狭い作りにはなっているが、それが幾つも積み重なれていて、複数人の女の子と一緒に住むには窮屈さを感じない。
アクセルくんが地下水道都市に向かってから二週間が経った。彼が置いていったイエローキャブは、まだ私の小屋の近くに置いてある。もしかすると、アクセルくんは忙しくて車を取りに来れないのだろう。
等と考えていると、小屋の外から蒸気自動車のエンジン音が聞こえた。
とっさに私は小屋から飛び出して、イエローキャブの方に視線を送った。アクセルくんが地下水道都市から帰ってきたと思ったが、違ったようだ。イエローキャブの運転席には、彼が師匠と呼んでいる『ジャックオーさん』の姿がある。
「あ、あの……ジャックオーさん」
「やあ、リベット。起こして悪かったね」
「起きてましたから大丈夫です。あの……アクセルくんは?」
「ちょっとだけ問題が起きてね。アクセルはトゥエルブ先生の診療所に居るんだ。キミも来てみるかい?」
私は頷き、ジャックオーさんが運転するイエローキャブの助手席に飛び乗る。すると彼女は、荒々しい運転で車を走らせた。
私が「どうして診療所に居るんですか?」と訊ねると、ジャックオーさんは「彼が怪我をしたからさ。キミの顔を見れば起きるかもしれないしね」と答えてくれた。
アクセルくんが怪我。診療所に居るってことは大きな怪我なのかな。起きるかもしれないって、寝ているって事なのかな。
等など、私は考えていた事を口に出して、ジャックオーさんに沢山の質問をしたが、彼女は何も答えてくれなかった。
私が住む小屋からトゥエルブ先生の診療所までは、歩いて十分も掛からない。イエローキャブに乗ってから少しした後、私たちは診療所のあるビルの前に着いた。
「ジャックオーさん。アクセルくんの怪我って……」
「大丈夫だよ。彼は生きている。少しだけ眠っているだけなんだ」
ジャックオーさんに案内されて、私はトゥエルブ先生の居る診療所に入った。先生に「こんにちは、トゥエルブ先生」と言った後、私は先生の後を追ってアクセルくんが居る部屋に入る。部屋に入った直後、私はアクセルくんの姿を見て目を疑った。
彼の体には、何十本ものチューブが繋がっていた。彼が寝ているベッドの傍には、見たことも無い機械が沢山あった。
咄嗟に私は彼の傍に近づき、手のひらを握りしめる。それでもアクセルくんは起きてくれなかった。そうしていると、私の傍にトゥエルブ先生が近寄ってきた。
「トゥエルブ先生、アクセルくんは……」
「彼は『災厄の魔術師』と戦って、それで生き延びた。いや、この昏睡状態を生き延びたと言っていいのかは分からないけどね」
「死んじゃうの?」
「もしかしたら死ぬかもな。何にせよ、彼は昏睡状態だ。脳波に乱れは無いし、もしかしたら一生このままかもしれない」
私には昏睡状態っていう言葉の意味が分からなかった。でも、トゥエルブ先生の諦めた表情から、今のアクセルくんが死にそうな事だけは理解できた。
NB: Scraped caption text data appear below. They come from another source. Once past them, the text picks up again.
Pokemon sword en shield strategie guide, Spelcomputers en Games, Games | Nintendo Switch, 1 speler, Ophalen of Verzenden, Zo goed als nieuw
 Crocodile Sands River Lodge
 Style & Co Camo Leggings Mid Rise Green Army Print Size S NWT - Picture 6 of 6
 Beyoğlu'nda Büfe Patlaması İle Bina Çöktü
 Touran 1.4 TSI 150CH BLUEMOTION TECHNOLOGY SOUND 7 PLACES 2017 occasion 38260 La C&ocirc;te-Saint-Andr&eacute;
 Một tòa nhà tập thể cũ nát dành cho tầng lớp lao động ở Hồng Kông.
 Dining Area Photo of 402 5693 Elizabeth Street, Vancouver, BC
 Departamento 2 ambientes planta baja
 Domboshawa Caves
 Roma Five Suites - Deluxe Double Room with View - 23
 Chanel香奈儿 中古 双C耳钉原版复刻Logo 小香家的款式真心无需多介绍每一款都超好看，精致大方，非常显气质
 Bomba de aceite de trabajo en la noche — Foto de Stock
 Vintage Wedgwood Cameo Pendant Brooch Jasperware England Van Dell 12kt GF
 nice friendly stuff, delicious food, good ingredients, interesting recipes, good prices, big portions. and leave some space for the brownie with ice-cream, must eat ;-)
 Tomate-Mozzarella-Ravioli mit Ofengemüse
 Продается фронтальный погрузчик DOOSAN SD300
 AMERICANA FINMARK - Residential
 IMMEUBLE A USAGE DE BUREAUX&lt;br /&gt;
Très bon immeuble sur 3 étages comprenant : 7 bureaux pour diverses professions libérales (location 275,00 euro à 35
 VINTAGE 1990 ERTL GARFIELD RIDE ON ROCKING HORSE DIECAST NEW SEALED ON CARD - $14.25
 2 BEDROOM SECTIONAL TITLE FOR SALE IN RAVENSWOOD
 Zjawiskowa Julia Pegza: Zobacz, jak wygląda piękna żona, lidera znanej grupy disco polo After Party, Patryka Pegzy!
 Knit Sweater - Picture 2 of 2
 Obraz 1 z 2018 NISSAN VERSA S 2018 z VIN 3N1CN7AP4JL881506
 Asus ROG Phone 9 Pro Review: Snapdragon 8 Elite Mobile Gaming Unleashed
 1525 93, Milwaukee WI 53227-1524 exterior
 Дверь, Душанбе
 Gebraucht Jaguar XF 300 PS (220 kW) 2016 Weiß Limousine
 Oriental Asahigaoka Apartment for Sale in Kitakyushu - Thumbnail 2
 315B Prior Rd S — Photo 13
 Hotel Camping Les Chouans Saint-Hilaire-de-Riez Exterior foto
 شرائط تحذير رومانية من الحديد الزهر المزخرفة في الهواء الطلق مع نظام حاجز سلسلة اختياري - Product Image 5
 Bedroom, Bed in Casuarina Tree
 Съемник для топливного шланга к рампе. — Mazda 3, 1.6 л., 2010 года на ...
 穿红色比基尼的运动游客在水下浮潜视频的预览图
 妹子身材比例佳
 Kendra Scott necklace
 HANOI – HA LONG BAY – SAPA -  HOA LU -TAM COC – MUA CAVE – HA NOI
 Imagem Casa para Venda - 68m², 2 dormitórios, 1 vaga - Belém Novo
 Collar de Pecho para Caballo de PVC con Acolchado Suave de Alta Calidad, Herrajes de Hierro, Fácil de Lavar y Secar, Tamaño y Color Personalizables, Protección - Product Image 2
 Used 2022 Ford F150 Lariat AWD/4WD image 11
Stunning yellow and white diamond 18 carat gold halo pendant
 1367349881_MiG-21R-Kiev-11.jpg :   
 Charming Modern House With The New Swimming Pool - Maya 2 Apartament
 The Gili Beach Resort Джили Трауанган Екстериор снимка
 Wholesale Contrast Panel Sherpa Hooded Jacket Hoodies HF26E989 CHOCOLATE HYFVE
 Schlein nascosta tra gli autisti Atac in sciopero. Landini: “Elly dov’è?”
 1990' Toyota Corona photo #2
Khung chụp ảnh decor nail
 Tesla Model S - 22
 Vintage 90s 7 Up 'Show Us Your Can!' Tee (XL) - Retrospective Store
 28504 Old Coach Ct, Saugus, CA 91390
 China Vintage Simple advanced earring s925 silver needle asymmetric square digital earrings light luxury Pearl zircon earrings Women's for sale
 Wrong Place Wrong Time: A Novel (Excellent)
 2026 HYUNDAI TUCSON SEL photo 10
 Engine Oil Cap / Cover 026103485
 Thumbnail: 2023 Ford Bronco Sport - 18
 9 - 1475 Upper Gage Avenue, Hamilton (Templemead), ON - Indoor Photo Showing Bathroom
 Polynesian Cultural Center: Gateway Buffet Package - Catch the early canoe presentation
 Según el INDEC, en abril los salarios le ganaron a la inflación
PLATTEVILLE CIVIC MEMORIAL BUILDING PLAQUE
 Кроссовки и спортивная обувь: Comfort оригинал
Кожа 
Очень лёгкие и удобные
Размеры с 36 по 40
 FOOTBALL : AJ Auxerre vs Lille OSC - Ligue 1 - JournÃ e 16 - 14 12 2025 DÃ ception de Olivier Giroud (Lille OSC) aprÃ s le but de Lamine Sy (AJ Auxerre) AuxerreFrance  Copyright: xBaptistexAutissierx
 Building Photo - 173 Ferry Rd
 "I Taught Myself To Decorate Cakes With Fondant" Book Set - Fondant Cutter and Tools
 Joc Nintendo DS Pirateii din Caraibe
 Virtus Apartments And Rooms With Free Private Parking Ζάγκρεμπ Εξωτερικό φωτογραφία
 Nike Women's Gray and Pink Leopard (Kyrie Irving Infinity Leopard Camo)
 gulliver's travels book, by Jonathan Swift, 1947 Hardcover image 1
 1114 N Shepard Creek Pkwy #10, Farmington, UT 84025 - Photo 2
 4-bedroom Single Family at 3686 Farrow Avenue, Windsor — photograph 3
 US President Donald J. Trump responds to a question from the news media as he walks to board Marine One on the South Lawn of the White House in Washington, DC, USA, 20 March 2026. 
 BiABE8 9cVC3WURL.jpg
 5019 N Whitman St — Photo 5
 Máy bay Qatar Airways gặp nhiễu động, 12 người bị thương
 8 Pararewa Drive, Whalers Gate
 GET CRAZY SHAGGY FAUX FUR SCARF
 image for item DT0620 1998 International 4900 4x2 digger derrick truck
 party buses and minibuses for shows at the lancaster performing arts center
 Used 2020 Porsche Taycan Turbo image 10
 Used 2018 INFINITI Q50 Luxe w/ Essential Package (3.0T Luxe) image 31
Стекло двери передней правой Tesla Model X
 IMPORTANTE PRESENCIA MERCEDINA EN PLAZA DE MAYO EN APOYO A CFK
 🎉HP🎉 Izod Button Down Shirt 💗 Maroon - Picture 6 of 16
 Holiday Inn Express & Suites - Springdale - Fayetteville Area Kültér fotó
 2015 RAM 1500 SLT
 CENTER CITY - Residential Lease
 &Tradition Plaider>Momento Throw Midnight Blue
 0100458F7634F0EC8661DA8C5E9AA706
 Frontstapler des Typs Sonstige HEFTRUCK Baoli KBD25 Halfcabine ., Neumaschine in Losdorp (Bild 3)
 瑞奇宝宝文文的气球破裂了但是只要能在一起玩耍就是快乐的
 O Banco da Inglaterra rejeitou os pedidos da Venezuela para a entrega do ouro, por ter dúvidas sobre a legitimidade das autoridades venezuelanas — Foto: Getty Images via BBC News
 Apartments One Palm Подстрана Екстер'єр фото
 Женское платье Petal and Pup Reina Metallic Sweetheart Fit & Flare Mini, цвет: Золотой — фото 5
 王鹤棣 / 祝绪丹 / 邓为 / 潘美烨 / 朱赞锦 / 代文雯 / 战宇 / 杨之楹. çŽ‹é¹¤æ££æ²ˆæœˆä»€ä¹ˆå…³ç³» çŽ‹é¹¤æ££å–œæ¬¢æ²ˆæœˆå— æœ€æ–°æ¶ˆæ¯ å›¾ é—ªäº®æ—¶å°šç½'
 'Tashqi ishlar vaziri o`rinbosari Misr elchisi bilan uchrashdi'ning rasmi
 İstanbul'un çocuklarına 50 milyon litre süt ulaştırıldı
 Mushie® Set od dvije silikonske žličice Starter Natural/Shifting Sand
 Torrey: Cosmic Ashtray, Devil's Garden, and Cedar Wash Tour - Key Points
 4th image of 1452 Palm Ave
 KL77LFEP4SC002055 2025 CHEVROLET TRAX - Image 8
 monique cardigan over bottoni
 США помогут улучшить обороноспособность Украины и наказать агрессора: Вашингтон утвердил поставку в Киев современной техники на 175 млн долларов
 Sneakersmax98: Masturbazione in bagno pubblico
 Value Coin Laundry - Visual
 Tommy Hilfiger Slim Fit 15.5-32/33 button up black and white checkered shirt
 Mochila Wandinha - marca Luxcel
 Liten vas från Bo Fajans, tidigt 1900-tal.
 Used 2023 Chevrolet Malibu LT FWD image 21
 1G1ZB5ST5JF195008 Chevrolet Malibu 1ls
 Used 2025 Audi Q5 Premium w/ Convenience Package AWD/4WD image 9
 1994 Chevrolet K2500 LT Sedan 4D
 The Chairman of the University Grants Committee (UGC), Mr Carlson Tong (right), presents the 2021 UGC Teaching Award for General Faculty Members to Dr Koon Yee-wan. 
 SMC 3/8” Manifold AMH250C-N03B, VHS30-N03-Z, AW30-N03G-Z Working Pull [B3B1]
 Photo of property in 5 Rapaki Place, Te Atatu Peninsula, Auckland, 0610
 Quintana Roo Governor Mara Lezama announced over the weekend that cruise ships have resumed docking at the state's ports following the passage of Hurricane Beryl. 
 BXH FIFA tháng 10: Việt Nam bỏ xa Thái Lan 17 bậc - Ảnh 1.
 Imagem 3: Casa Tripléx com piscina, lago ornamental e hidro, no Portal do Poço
アクセルくんの手のひらを握りながら、私は彼のベッドに顔を押し当てる。涙と鼻水で顔がグシャグシャになりながらも、私は彼が起きるのを待ち続けた。
それから一週間が経った。私は彼のために毎日、彼が作って欲しいと言っていた『造花』を持ってきてあげた。エイダさんと名乗る水髪の女性に「お金を払うよ」と言われたが、私は受け取らなかった。
私はお金が欲しくて造花を作っている訳じゃない。アクセルくんが笑顔になるから作ってるんだ。
「ねえ、リベット。毎日お見舞いに来てくれるのは良いけれど、それじゃあ仕事が出来ないんじゃないの?」
「お仕事なら何でもやります。私を買いたいと言ってくれる男性が居たので、そのつもりです」
私はトゥエルブ先生の質問に答える。この時、私は一週間ほど前に女衒から仕事を紹介してもらった。四番街にある老舗のお店で働く事になるが、そうなればお金だって沢山稼げるし、アクセルくんが心配しないように独り立ちできる。
いつものように彼の手を握って部屋を出ていった直後、私は廊下で呼び止められた。
声を掛けてきたのは、アクセルくんが師匠と呼んでいるジャックオー・ハンドマンさんだった。彼は私に「ギャンブルをしないか?」と訊いてくる。
「ギャンブルってなんですか?」
「何かを賭け合って、勝った方が相手の物を奪うゲームだよ」
「賭け事がどういう物なのかは知ってます。私を子供だと思わないでください」
「ごめんね、リベット。私から見れば、キミはただの女の子でしかないからさ」
「この際だからハッキリと言わせてもらいます。アクセルくんを解放してください」
「解放?」
ジャックオー・ハンドマンさんは、五番街でも色んな人物に目を掛けている人物だ。スラムに住む私たちに対して、有料ではあるが『栄養価のある固形携帯食料』を届けてくれてもいる。
他のスラムの子達は知らないだろうが、私はアクセルくんが『ジャックオーさんに借金をしている』事を知っている。小銅貨や銅貨、銀貨を幾ら集めても払い切れない額の借金だ。
「アクセルくんは沢山の仕事に追われて、眠る暇も無いから魔術師に負けたんです」
「彼が眠れないのは別の理由だよ。キミには理解できない事だ」
「彼が倒れてしまったのは、あなたのせいです。借金が無ければ、アクセルくんは倒れませんでした」
「それは私にも分からないな。じゃあ私の賭けに勝てたら、彼の借金をゼロにしてあげるよ」
「それは本当ですか?」
「ああ本当だ。負けたらなんでも願いを叶えてあげる。悪魔にだって誓うし教会にだって通ってあげるよ」
私が「絶対に約束を守ってください」と言うと、ジャックオーさんは「ただし、負けたらキミには彼の借金の半分を払うだけの仕事をしてもらう」と言ってきた。
どんな仕事だって構わない。勝てばアクセルくんの借金がゼロになるし、負けても彼の借金の半分を肩代わりできる。どうせ四番街のイカがわしい店で働く事になるんだ。どっちに転んでも悪くはない。
「どんなゲームですか?」
「簡単なゲームさ。アクセルの体に埋め込まれたチューブを順番に引き抜いていく。それを交互に繰り返して、アクセルの脳波に異常が乱れたら抜いた側の勝ちってゲームだ」
以前、アクセルくんはジャックオーさんの事を『頭がイカれて危ない人』だと言っていたが、それは本当だった。ジャックオーさんは自分の部下の命を賭けてまで、私を試そうとしている。正気の沙汰じゃない。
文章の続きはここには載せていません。